You haven't measured every protein species in the cell, so of course the connections you see are effective, phenomenological.
But you can predict the effect of perturbations." Your twin reaches down and presses on one of the nodes, and it gradually darkens, affecting in subtle ways the broader network patterns. "But that's just for show. Here's the real magic." Your future self holds up the sheet and points at the slide bar running up the page. "Try it."
You nudge the slider up a bit. The network bubbles and distorts, forming a column of three large circles connected by thick arrows. The original nodes are faintly visible inside each circle. "Aha, a simpler representation!" Of course! you think. You had been on the verge of hypothesizing this yourself: basically, the genes separate into three modules that form a cascade to transmit the signal. Your double's finger points at a statistic written to the side: "You can see that this simplified version still captures 90 percent of the variance in the input-output mapping."
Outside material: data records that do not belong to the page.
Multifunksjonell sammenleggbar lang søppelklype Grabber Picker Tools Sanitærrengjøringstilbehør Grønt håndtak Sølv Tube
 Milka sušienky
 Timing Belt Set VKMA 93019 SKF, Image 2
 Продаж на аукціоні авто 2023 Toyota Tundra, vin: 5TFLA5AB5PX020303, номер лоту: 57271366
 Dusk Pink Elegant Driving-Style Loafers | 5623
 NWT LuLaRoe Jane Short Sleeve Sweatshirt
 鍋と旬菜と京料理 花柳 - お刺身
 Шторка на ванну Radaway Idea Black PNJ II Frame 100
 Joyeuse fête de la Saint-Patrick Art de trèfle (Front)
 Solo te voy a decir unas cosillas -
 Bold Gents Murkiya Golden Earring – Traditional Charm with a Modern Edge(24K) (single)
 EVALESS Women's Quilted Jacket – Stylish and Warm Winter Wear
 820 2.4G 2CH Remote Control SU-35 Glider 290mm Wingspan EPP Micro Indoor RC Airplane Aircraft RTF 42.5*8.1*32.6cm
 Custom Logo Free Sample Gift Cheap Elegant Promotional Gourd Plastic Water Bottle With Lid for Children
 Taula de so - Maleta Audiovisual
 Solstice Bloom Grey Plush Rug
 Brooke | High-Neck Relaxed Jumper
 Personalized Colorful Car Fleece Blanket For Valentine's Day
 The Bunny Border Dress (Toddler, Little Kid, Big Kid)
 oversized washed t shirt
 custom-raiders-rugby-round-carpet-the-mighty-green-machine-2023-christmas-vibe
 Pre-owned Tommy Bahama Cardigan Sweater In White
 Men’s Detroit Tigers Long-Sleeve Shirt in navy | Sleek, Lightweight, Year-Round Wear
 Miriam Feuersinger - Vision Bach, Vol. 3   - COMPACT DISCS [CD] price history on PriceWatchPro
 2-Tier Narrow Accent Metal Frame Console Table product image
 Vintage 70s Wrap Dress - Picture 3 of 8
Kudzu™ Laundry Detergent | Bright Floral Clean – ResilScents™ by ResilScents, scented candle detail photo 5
Automated dimensionality reduction! Impressed, you excitedly push the slider all the way to the top. The network disappears, replaced by a plain-looking plot. "The plot shows a single curve that branches into two. As the simulation progresses, a dot marches from the single curve side to fall onto one of the two curves on the right. "Looks like you've got a symmetry breaking circuit." Pressing on the upper curve produces a representation of the three-state system with the final group active, and the lower curve shows it inactive. "Oh, it's beautiful!" you exclaim. "The two stable output states arise from a bifurcation—and we can immediately see how they correspond to aggregate states of the individual genes!"
Your new friend smiles and continues to show off what the gadget can do on more complicated datasets. Using behavioral data from a fish school, the abstract setting shows a critical instability and demonstrates how information about predators is maximized when the school is closer to the instability. Using measurements from millions of simultaneously measured neurons, you see the neurons grouped into functional clusters that create an aggregate level gated sensory classifier. Using insulin expression and other cell-phone measured health data consisting of a few noisy data points for each of millions of patients produces patient-specific predictions and proposes the existence of important unmeasured variables at the most detailed setting, blames oscillatory dynamics on a Hopf bifurcation at the abstract setting, and suggests perturbations that promote or inhibit the oscillations.
Your friend is on a roll: "And you see how this combination of statistical inference and model selection can start to answer questions about what these distributed systems are doing and how they work? How we are able to look both at the individual scale dynamics and the aggregate scale logic? We quickly extract in each case how individual components control the behavior of the whole. We begin to understand what is carefully tuned and what is compensated for through active adjustment—the feedback that allows collective systems to remain adaptive and informative!"
You inspect the front and back of the paper-thin sheet and get caught up in the excitement. You stutter, "But—how does this work?"